> _What the task requires_: Please repeat, from the entries that follow, the lines from the one containing "a living room" through the one containing "Fret nibs on" exactly, adding nothing.

> _Listed records_:
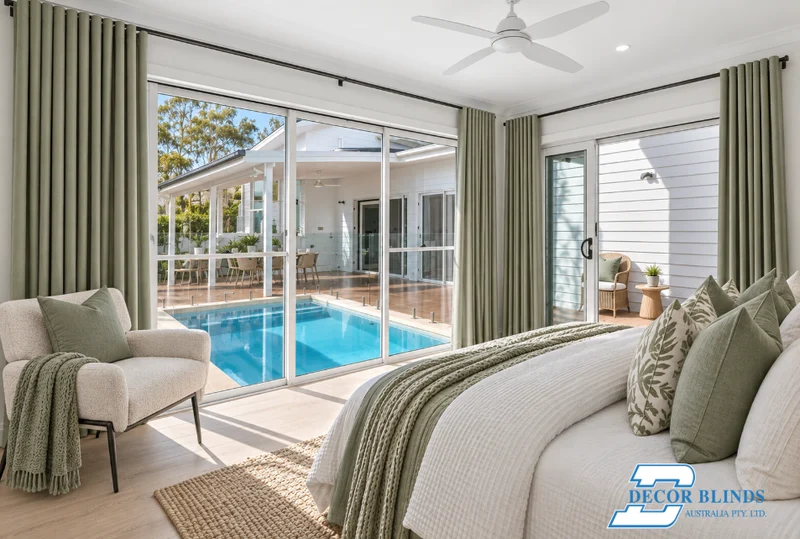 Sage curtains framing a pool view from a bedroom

---

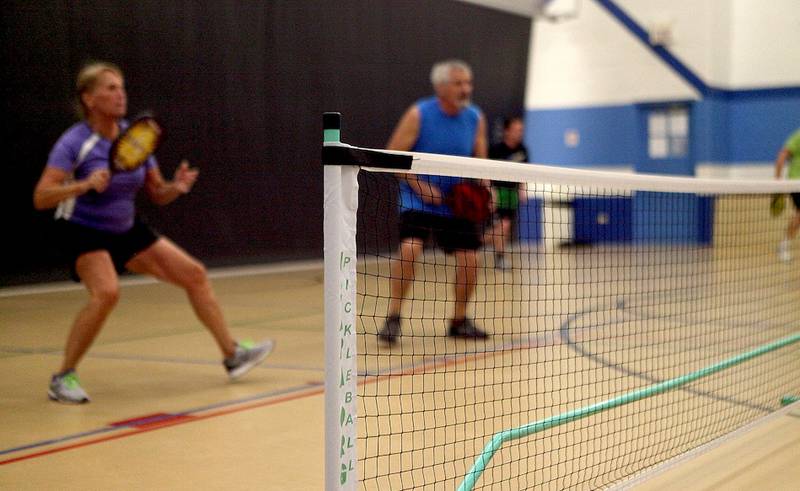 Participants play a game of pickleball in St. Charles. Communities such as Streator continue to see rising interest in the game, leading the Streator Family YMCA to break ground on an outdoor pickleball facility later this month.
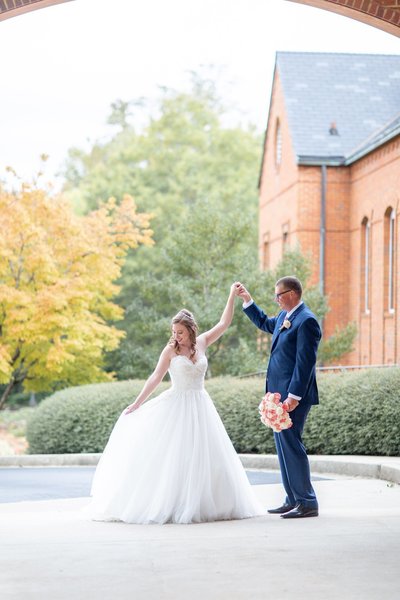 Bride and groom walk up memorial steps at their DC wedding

...

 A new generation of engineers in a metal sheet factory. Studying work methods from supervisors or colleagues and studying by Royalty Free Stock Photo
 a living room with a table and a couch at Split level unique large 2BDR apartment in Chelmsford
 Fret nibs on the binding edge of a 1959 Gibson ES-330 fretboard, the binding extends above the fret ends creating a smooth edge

> _Result of this exercise_:
 a living room with a table and a couch at Split level unique large 2BDR apartment in Chelmsford
 Fret nibs on the binding edge of a 1959 Gibson ES-330 fretboard, the binding extends above the fret ends creating a smooth edge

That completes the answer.